I assume the rows of your confusion matrix are your predictions and the columns the ground truth? If so, you can just divide the diagonal by the sum over the columns to get the per class accuracies. Then just calculate the mean and you’ll have a metric to optimize.

Overfitting on a small dataset is always a good starter to see, if your architecture is suitable.

What are the results using the WeightedRandomSampler? I think it should also yield good results. However, since the minority classes are oversampled using the default settings, your model might overfit to these. Are you able to apply some data augmentation on your input? Maybe a small amount of random noise on the features?

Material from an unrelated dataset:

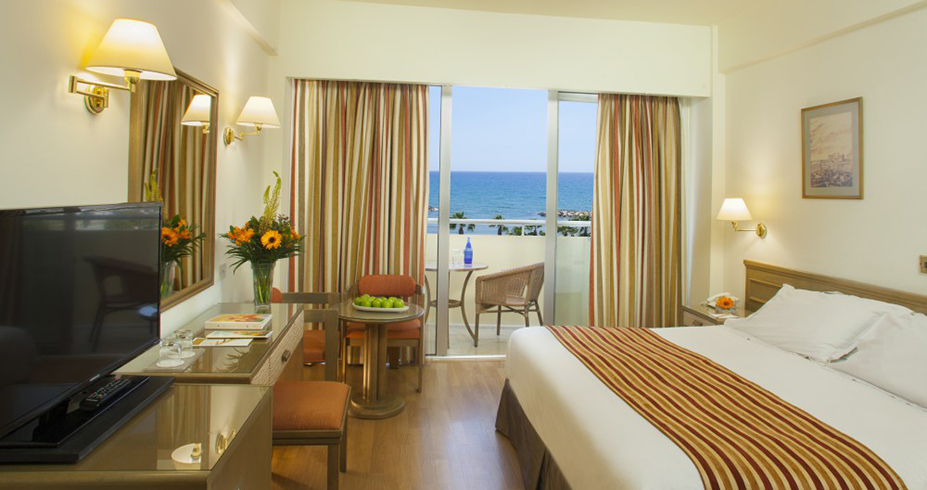 Lordos Beach Larnaka kipar standard soba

Rows are ground truths and cols are predictions. The mean per class accuracy metric you suggested would be in range 0-1. Do I use MSE loss layer, with 1 as the target always?

Something like this,

d = np.diag(confMat)
s = np.sum(confMat,1)
l = np.mean(d/(s+1)) #(s+1) to avoid 0 in denominator
loss = F.MSELoss(l, 1)

Would this help improve per class accuracy?

Nope. I quickly tried SMOTE from sklearn. Haven’t explored the results yet!

A question regarding ‘weight’ parameter passed to nll_loss. My priority is to get class 4 right (always), then class 3… so on. So can I pass in weight=[0.1, 0.2, 0.3, 0.4], without taking into consideration the number of samples present in each class? Will this ensure that the network get class 4 right (as best as possible)?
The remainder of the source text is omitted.